── Entries shown
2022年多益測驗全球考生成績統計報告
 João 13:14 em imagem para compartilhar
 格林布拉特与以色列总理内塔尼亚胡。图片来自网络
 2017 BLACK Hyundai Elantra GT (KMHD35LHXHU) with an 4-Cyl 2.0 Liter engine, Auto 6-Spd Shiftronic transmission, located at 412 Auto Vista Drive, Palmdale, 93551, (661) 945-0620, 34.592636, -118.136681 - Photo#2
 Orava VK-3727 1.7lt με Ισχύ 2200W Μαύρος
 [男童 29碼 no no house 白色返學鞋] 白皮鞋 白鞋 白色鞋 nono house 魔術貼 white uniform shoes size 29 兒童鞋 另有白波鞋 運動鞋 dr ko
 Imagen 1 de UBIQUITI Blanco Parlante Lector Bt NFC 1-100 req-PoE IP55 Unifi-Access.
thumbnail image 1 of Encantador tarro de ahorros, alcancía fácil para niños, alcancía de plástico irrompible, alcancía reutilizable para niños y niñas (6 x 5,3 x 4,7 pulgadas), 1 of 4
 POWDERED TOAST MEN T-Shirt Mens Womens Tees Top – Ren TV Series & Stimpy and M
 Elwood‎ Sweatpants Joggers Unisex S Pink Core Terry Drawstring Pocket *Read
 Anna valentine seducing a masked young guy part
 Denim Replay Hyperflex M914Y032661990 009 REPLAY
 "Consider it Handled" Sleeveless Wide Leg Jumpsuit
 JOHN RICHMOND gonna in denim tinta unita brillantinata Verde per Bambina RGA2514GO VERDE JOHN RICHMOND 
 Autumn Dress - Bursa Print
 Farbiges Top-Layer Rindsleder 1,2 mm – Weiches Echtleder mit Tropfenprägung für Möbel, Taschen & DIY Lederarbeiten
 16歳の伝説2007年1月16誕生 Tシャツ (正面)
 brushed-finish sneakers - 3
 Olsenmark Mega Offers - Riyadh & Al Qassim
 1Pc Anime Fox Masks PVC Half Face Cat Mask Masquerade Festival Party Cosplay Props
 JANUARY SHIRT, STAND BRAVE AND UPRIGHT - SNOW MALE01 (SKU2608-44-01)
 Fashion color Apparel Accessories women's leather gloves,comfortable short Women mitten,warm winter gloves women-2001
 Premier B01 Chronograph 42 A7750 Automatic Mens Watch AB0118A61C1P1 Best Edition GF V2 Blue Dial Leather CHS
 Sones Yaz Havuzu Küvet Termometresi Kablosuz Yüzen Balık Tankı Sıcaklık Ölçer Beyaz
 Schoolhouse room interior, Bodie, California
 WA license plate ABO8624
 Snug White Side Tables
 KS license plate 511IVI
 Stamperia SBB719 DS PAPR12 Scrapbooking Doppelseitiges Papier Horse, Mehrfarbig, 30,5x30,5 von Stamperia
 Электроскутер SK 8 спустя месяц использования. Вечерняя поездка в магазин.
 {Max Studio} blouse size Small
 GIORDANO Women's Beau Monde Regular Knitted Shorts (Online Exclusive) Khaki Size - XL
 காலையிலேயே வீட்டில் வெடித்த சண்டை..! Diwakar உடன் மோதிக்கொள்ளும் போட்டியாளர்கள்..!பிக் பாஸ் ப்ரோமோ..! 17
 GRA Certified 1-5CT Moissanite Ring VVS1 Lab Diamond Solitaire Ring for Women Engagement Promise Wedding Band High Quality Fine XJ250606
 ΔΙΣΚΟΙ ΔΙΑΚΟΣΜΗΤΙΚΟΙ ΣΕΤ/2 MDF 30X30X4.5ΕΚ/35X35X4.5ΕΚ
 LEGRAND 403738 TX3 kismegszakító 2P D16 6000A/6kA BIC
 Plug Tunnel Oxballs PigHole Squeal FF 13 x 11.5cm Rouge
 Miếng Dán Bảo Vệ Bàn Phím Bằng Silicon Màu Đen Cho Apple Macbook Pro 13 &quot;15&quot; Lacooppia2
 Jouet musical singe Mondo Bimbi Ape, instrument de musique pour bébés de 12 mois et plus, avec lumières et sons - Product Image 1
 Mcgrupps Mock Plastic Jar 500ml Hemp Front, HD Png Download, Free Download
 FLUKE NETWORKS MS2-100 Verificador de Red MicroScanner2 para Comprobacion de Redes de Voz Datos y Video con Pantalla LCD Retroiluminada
────
Output exactly the lines of the records from the first through the one bearing "JANUARY SHIRT, STAND", both ends included.

2022年多益測驗全球考生成績統計報告
 João 13:14 em imagem para compartilhar
 格林布拉特与以色列总理内塔尼亚胡。图片来自网络
 2017 BLACK Hyundai Elantra GT (KMHD35LHXHU) with an 4-Cyl 2.0 Liter engine, Auto 6-Spd Shiftronic transmission, located at 412 Auto Vista Drive, Palmdale, 93551, (661) 945-0620, 34.592636, -118.136681 - Photo#2
 Orava VK-3727 1.7lt με Ισχύ 2200W Μαύρος
 [男童 29碼 no no house 白色返學鞋] 白皮鞋 白鞋 白色鞋 nono house 魔術貼 white uniform shoes size 29 兒童鞋 另有白波鞋 運動鞋 dr ko
 Imagen 1 de UBIQUITI Blanco Parlante Lector Bt NFC 1-100 req-PoE IP55 Unifi-Access.
thumbnail image 1 of Encantador tarro de ahorros, alcancía fácil para niños, alcancía de plástico irrompible, alcancía reutilizable para niños y niñas (6 x 5,3 x 4,7 pulgadas), 1 of 4
 POWDERED TOAST MEN T-Shirt Mens Womens Tees Top – Ren TV Series & Stimpy and M
 Elwood‎ Sweatpants Joggers Unisex S Pink Core Terry Drawstring Pocket *Read
 Anna valentine seducing a masked young guy part
 Denim Replay Hyperflex M914Y032661990 009 REPLAY
 "Consider it Handled" Sleeveless Wide Leg Jumpsuit
 JOHN RICHMOND gonna in denim tinta unita brillantinata Verde per Bambina RGA2514GO VERDE JOHN RICHMOND 
 Autumn Dress - Bursa Print
 Farbiges Top-Layer Rindsleder 1,2 mm – Weiches Echtleder mit Tropfenprägung für Möbel, Taschen & DIY Lederarbeiten
 16歳の伝説2007年1月16誕生 Tシャツ (正面)
 brushed-finish sneakers - 3
 Olsenmark Mega Offers - Riyadh & Al Qassim
 1Pc Anime Fox Masks PVC Half Face Cat Mask Masquerade Festival Party Cosplay Props
 JANUARY SHIRT, STAND BRAVE AND UPRIGHT - SNOW MALE01 (SKU2608-44-01)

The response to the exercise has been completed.